While a specific plan of attack did not emerge Wednesday during a discussion among members of the National Association of Ticket Brokers, the trade association agreed to continue its opposition to the proposed merger of Ticketmaster and Live Nation.
The three-hour meeting was held in a hotel near the Dallas Fort Worth International Airport and attracted about 70 ticket brokers from around the country, who gathered to listen to renowned ticket industry expert Dr. Stephen Happel of Arizona State University, and attorney David Balto, Senior Fellow for Center for American Progress.
Balto testified against the merger before a Senate subcommittee last month, and both speakers again voiced their opposition to the merger, but the specifics of their remarks were not made available.
Wednesday’s meeting was called by NATB legal counsel Gary Adler after he and NATB members read negatives comments made by Ticketmaster Entertainment CEO Irving Azoff and Live Nation President and CEO Michael Rapino about the secondary ticket market.
But, whether the NATB’s opposition to the merger can help sway the government into disallowing the deal remains to be seen. One NATB member who did not attend the meeting called it an exercise in “spinning our wheels.”
“I think it may be inevitable,” the broker said about the planned merger. “The sad thing is it will hurt both fans and brokers. There will be more auctions for tickets and higher prices. Ticketmaster and Live Nation won’t need us [brokers] because they’ll be able to deal directly with the end users, the fans, but they’ll end up paying higher prices.”
However, NATB President Tom Patania, owner of New Jersey-based ticket brokerage Select-A-Ticket, said he was “cautiously optimistic” that the deal could be stopped, in part because of the growing number of opponents to the merger like Reznor.

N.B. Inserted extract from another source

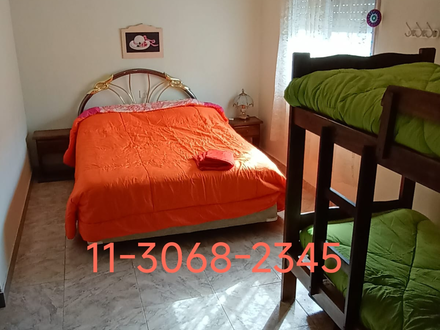 Alquiler temporario de apartamento em San clemente del tuyu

“The fact that there is a second round of questions being asked by the U.S. Department of Justice in its investigation into the merger is a good sign,” Patania said. Soon after the announcement of the deal, the Justice Department launched an investigation into it on antitrust grounds. “There are some monopolies that are good, and some that are bad, and Ticketmaster and Live Nation would fall under the category of a bad monopoly. If you look, prices never go down and they won’t in the future if they’re allowed to merge.”